At this point, the penny dropped – I was putting into practice some of the messages of my week two lecture on how to work in complex systems, namely fast feedback loops that enable you to experiment, fail, tweak and try again in a repeat cycle until something reasonably successful emerges through trial and error. One example of failing faster – I tried out LSE’s online polling system, but found it was too slow (getting everyone to go online on their mobiles and then vote on a series of multiple choice questions) but also not as energising as getting people to vote analogue style (i.e. raising their hands). The important thing is getting weekly feedback and responding to it, rather than waiting til the end of term (by which time it will be too late).

LSE content weeks 1-3The form is not the only feedback system of course. As any teacher knows, talking to a roomful of people inevitably involves pretty intense realtime feedback too – you feel the energy rise and fall, see people glazing over or getting interested etc.
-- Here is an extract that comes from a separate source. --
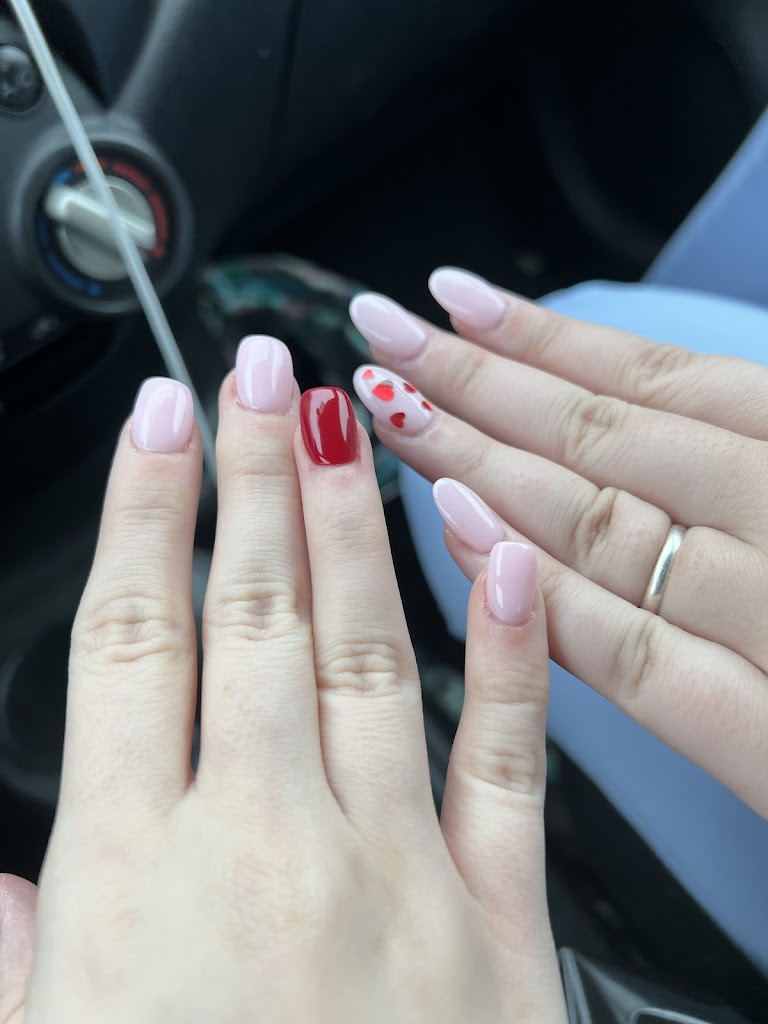 Queen Nails 27205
What’s interesting is being able to triangulate between what I thought was happening in the room/students’ heads, and what they subsequently said. Broad agreement, but the feedback suggested their engagement was reassuringly consistent (see bar chart on content), whereas my perceptions seem to amplify it all into big peaks and troughs – what I thought was a disastrous second half of lecture two appears to have just been a bit below par for a small number of students.

The feedback also helps crystallize half-formed thoughts of your own. For example, several complained about the disruption of students leaving in the middle of the lecture, something I also had found rather unnerving. So I suggested that if people did need to leave early (it’s last thing on Friday after all), they should do so during the group discussions – much better.

What’s been striking is the look of mild alarm in the eyes of some of my LSE faculty colleagues, who warned against too much populist kowtowing to student demands. That’s certainly not how it’s felt so far. Here’s a typical comment ‘I think that this lecture on the role of the state tried to take on too much. This is an area that we have discussed extensively. I think it would have been more useful to focus on a particular aspect, perhaps failed and conflict-affected states since you argue that those are the future of aid’. Not a plea for more funny videos (though there have been a few of those), but a reminder to check for duplication with other modules, and a useful guide to improving next year’s lectures.

What is also emerging, again in a pleasingly unintended way, is a sense that we are designing this course together and the students seem to appreciate that  (I refuse to use the awful word co-create. Doh.) Matt Andrews calls this process ‘Problem Driven Iterative Adaptation’ – I would love to hear from other lecturers on more ways to use fast feedback to sharpen up teaching practices.

And now of course it’s over to the students themselves to say what’s really been going on…..

P.S. Nice distinction made by LSE’s Jean-Paul Faguet in a discussion of this post. End of term evaluation is best for getting feedback on content, as by then students have a picture of the whole course, and the bright sparks can feed back on what was missing. Realtime feedback is most use for adapting the format/presentation as you go along.